Brief descriptive captions:

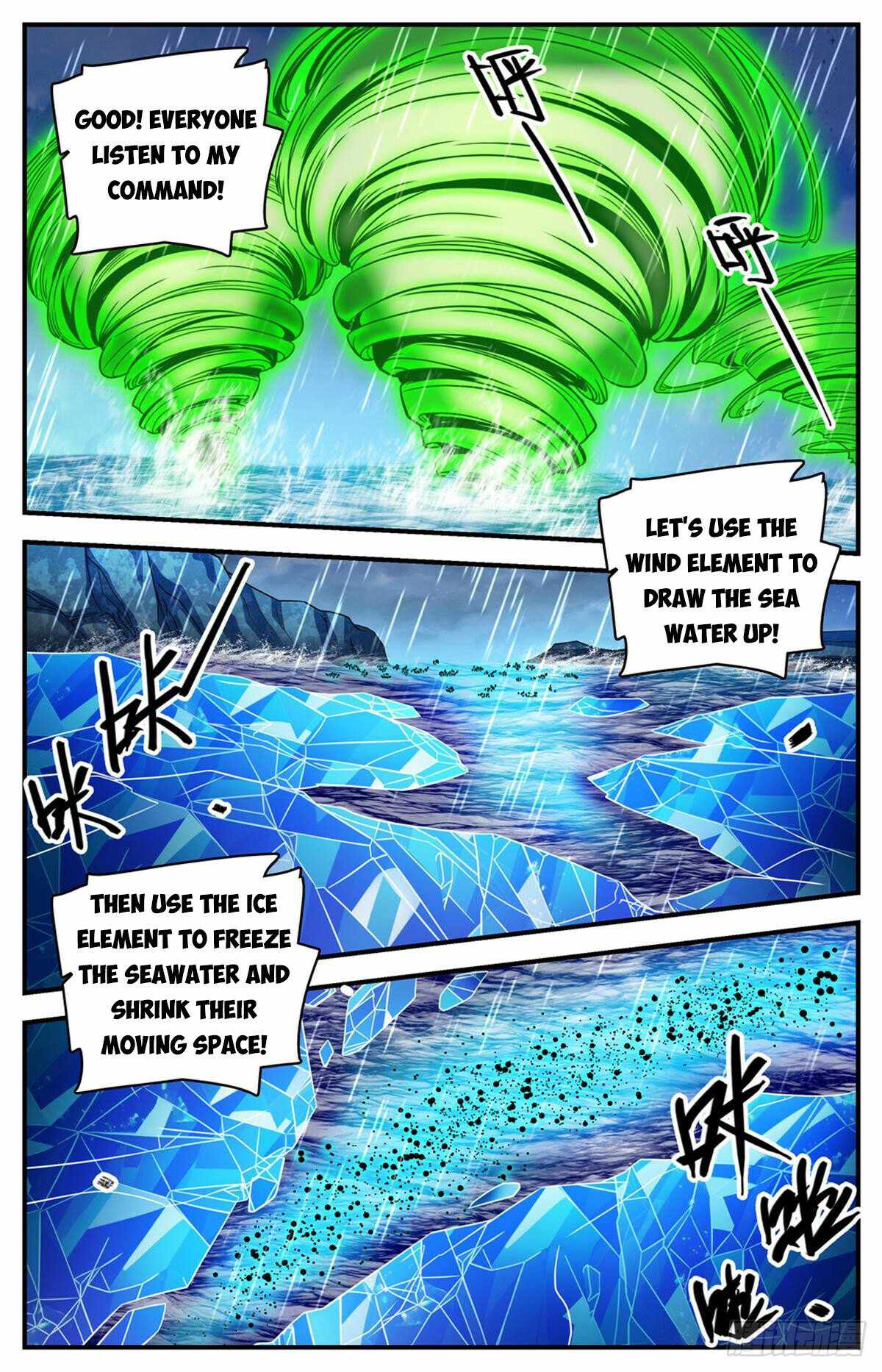 Versatile Mage Chapter 1042 - Page 10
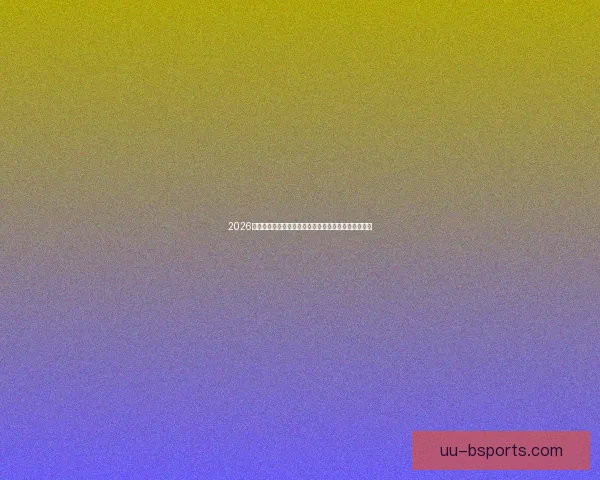 2026世界杯温哥华赛区宣布安装巨型高清大屏提升观赛体验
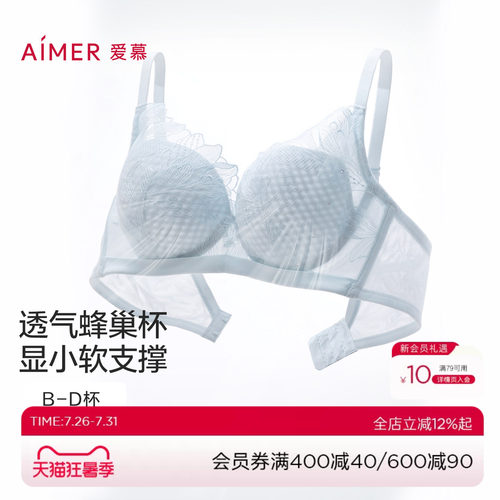 爱慕一路生花25夏内衣女软钢圈蜂巢薄模杯大胸显小文胸AM11A991
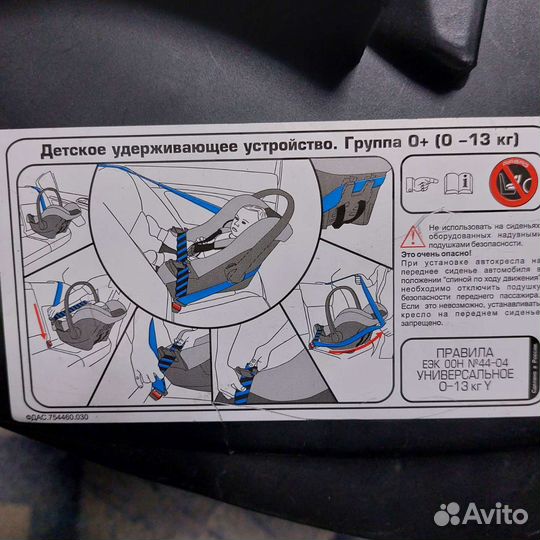 Детская автолюлька 0-13кг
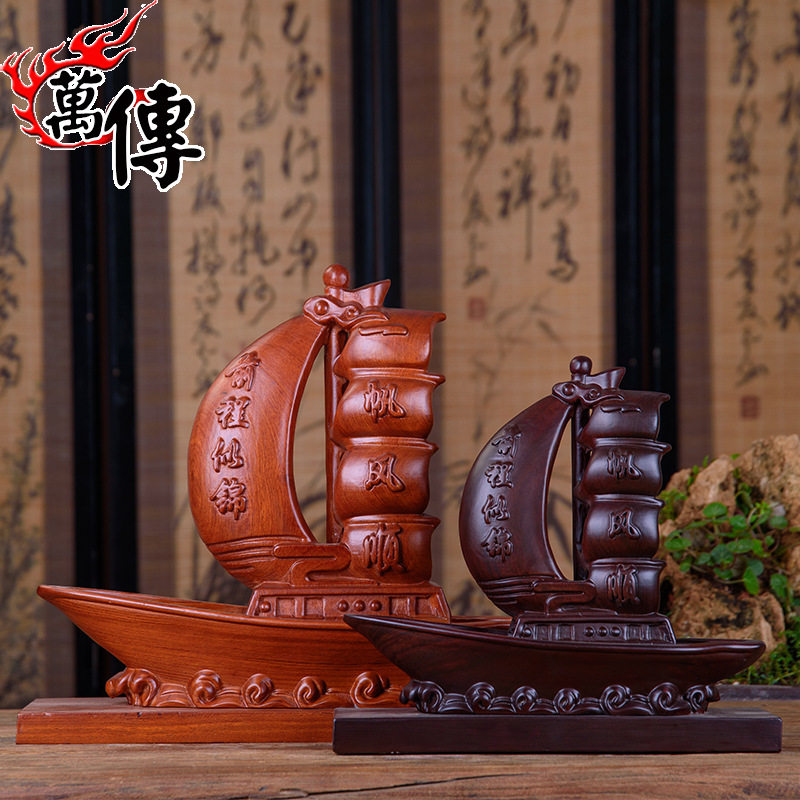 实木雕刻一帆风顺龙船摆件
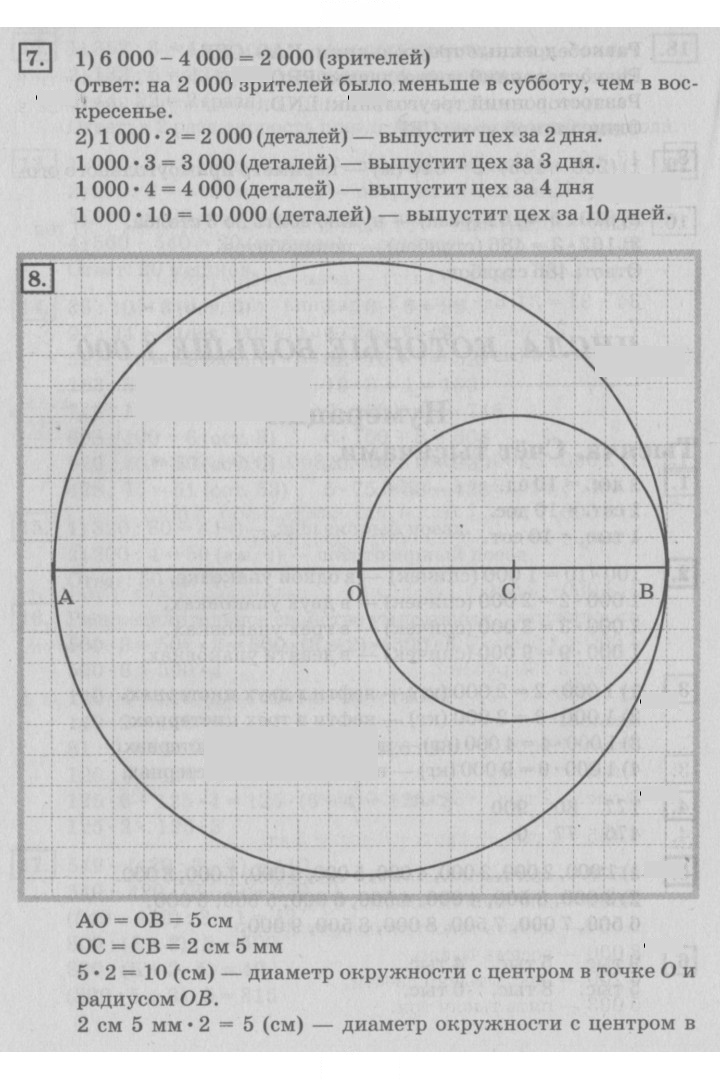 Скан решения номера 90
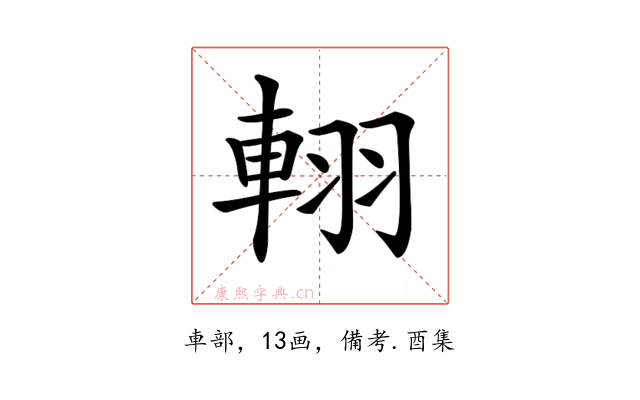 𨋾
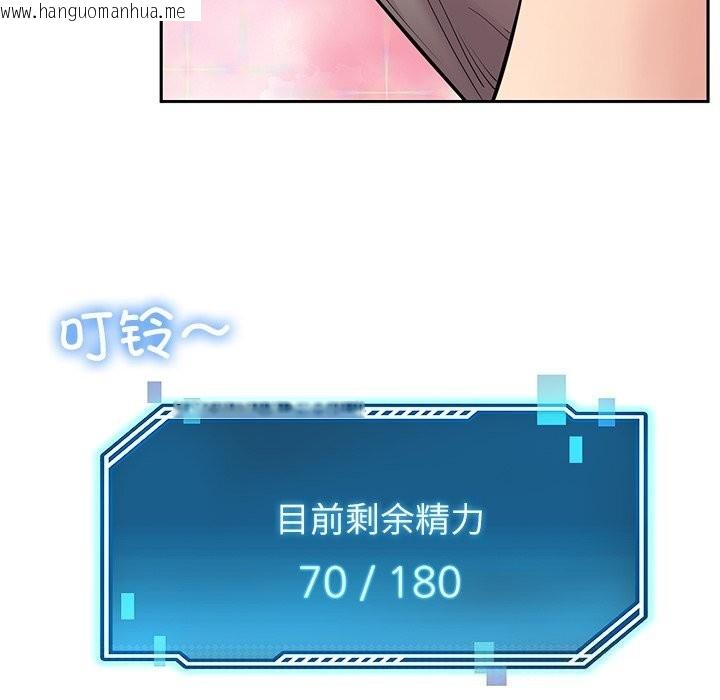韩国漫画后宫之王韩漫_后宫之王-第38话在线免费阅读-韩国漫画-第35张图片
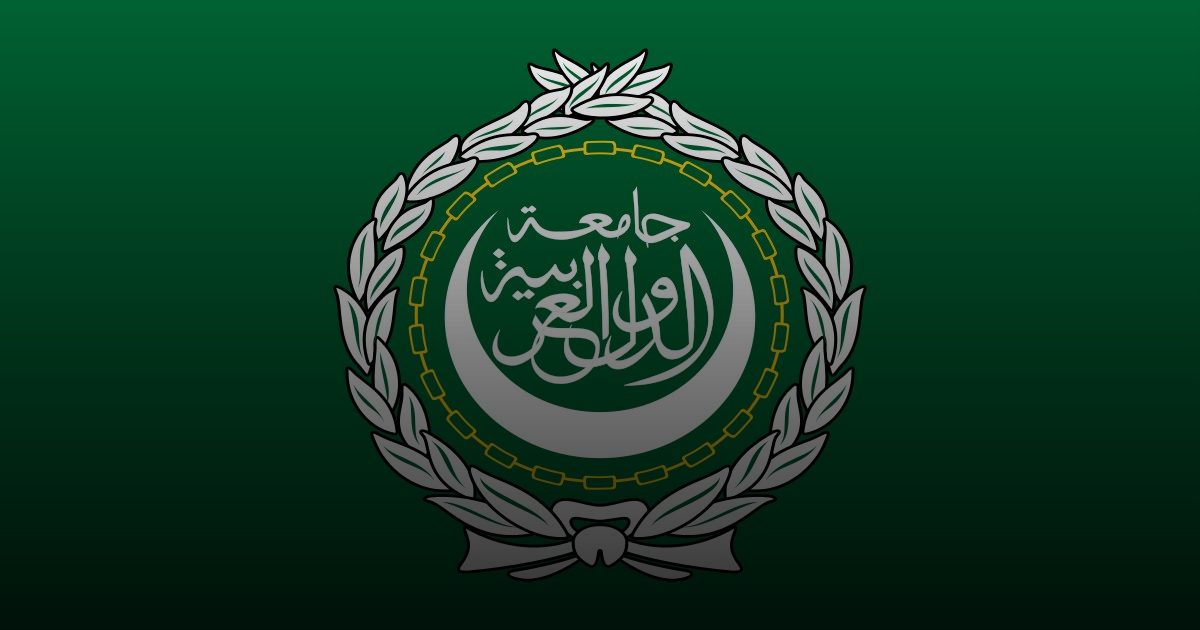 جامعة الدول العربية تدعم النظم الصحية الشاملة بتعاون فعال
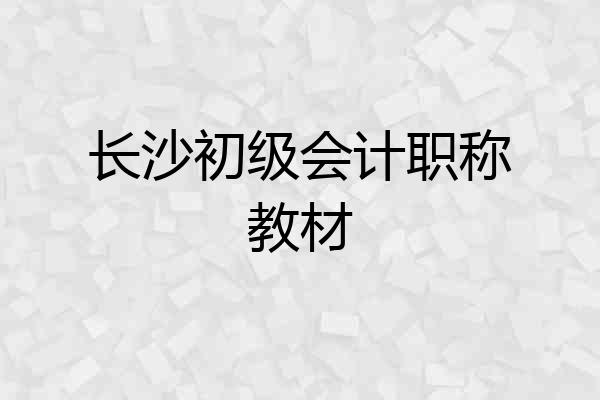 长沙初级会计职称教材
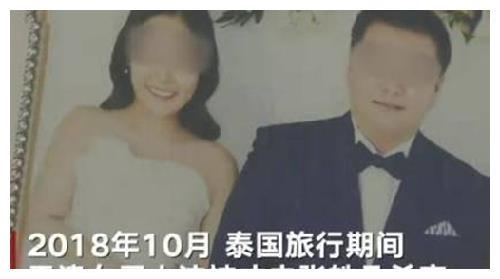 泰国杀妻骗保案,人前是恩爱夫妻,背后为3000万狠下毒手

**EXERCISE AIM**
Write every record out again exactly; no pictures belong in the copy.

**COMPLETED TASK**
 Versatile Mage Chapter 1042 - Page 10
 2026世界杯温哥华赛区宣布安装巨型高清大屏提升观赛体验
 爱慕一路生花25夏内衣女软钢圈蜂巢薄模杯大胸显小文胸AM11A991
 Детская автолюлька 0-13кг
 实木雕刻一帆风顺龙船摆件
 Скан решения номера 90
 𨋾
韩国漫画后宫之王韩漫_后宫之王-第38话在线免费阅读-韩国漫画-第35张图片
 جامعة الدول العربية تدعم النظم الصحية الشاملة بتعاون فعال
 长沙初级会计职称教材
 泰国杀妻骗保案,人前是恩爱夫妻,背后为3000万狠下毒手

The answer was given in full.